Hi I've found some code that animates 3d shapes and even gives an example of making and animating an icosahedron I'm trying to turn it in to a decahedron though and my geometry is pretty bad. The code I have for the icosahedron is:
// draw a icosahedron
var tau = 1.6180,
phi = 20.90515745, // (180-138.1896851)/2
rt3 = Math.sqrt(3),
d = sideLen/2,
foldTbl = [ 60, -60, 60, -60,
-60, -60, 60, 60,
60, -60, 60, -60,
-60, -60, 60, 60,
60, -60, 60, -60],
moveTbl = [ 0, 2*d, 0, 2*d,
2*d, 2*d, 0, 0,
0, 2*d, 0, 2*d,
2*d, 2*d, 0, 0,
0, 2*d, 0, 2*d],
triangle = ['M',0,0,0, 'L', d*rt3,d,0, 0,2*d,0, 'z'],
tri,
faces = g.createGroup3D(),
bend = -2*phi,
i;
for (i=0; i<20; i++)
{
// create the next face
tri = g.compileShape3D(triangle, "red", null, 1); // backColor irrelevant
faces.addObj(tri);
faces.translate(0, -moveTbl[i], 0);
faces.rotate(0, 0, 1, foldTbl[i]);
faces.rotate(0, 1, 0, bend);
faces.translate(0, moveTbl[i], 0);
}
return faces;
i'm sure there must be an easy way to make this a decahedron but if anyone has any advice that'd be amazing - thanks!
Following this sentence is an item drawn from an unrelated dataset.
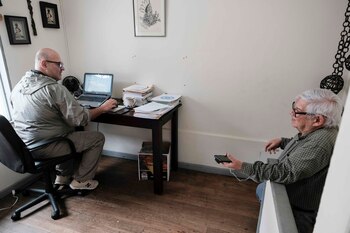 El activista Marco Castillo (d),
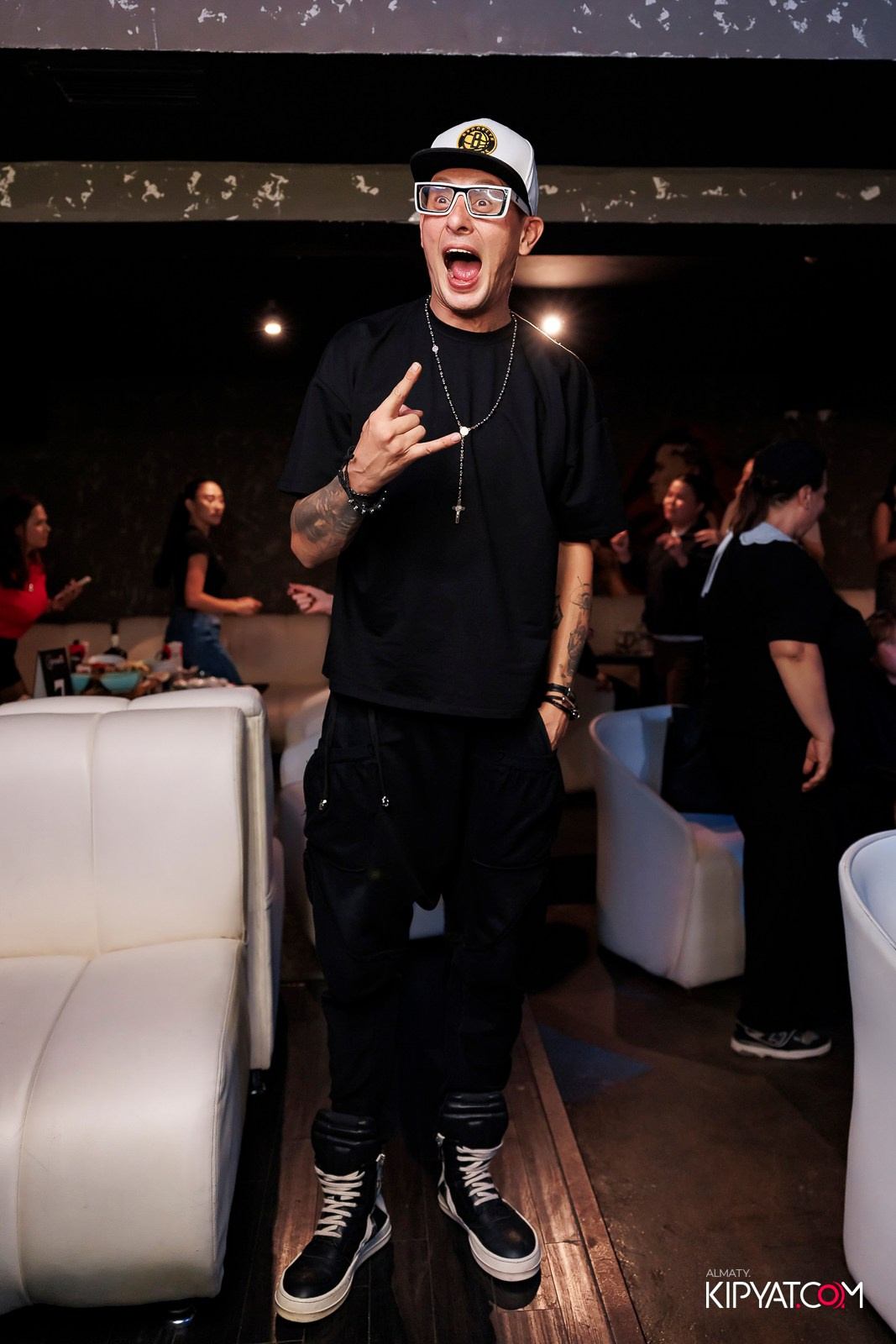 МУЗЫКАЛЬНОЕ ЛОТО В HIT RETRO. КИПЯТКОМ АЛМАТЫ!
If you have coordinates for an icosahedron but want to draw a dodecahedron, you can make use of the duality between those two. Take the icosahedron, and put a new vertex in the middle of every one of its triangular faces. Connect two new vertices with an edge if the corresponding faces of the icosahedron had an edge in common. You will obtain a dodecahedron, with one vertex for every face of the icosahedron, and one face for every vertex.